▶ Task instructions
In the records below, the lines between the one holding "Superman comic books" and the one holding "Impresora LaserJet Enterprise M611dn HP", inclusive, are to be transcribed exactly; no pictures are to be included.

▶ Extracted data
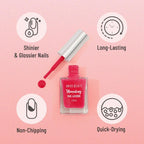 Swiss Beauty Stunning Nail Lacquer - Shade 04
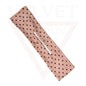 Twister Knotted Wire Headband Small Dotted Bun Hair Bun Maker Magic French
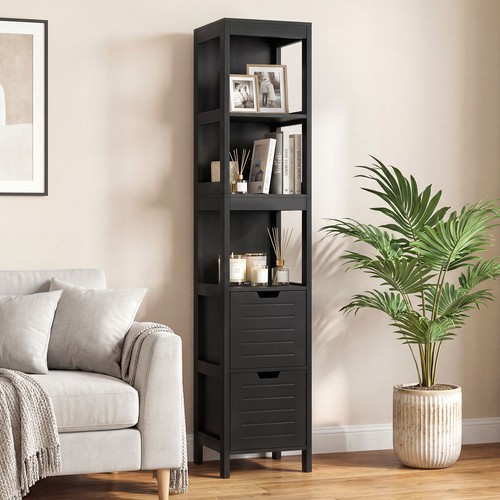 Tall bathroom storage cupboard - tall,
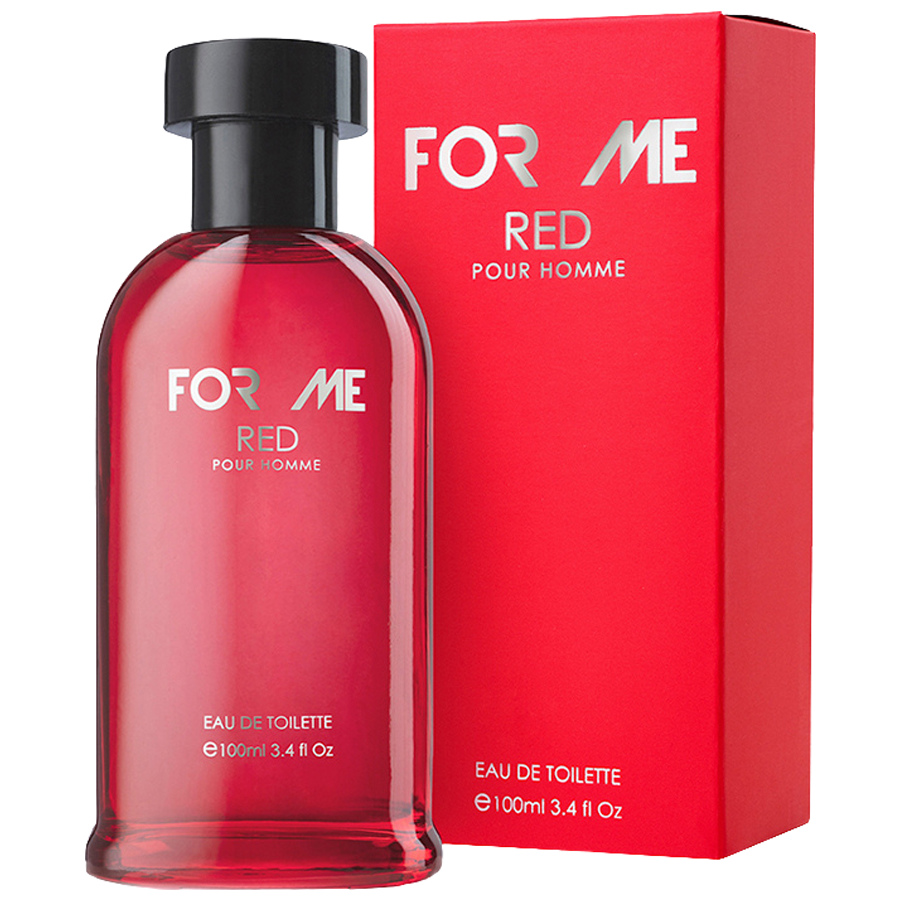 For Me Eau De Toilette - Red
---
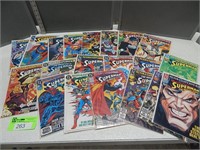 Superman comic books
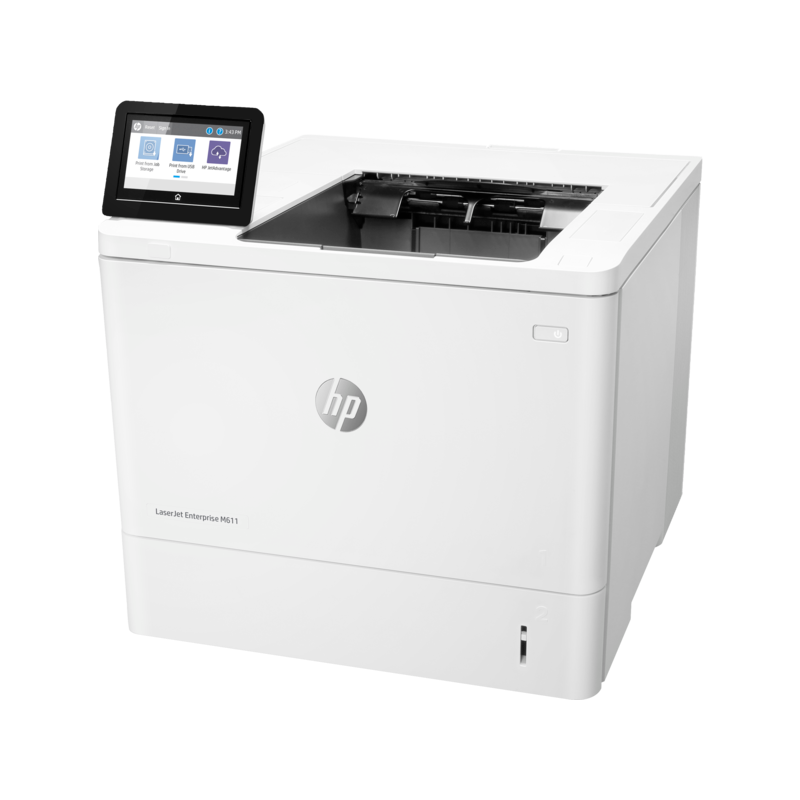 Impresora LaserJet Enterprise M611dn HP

▶ Worked solution
 Superman comic books
 Impresora LaserJet Enterprise M611dn HP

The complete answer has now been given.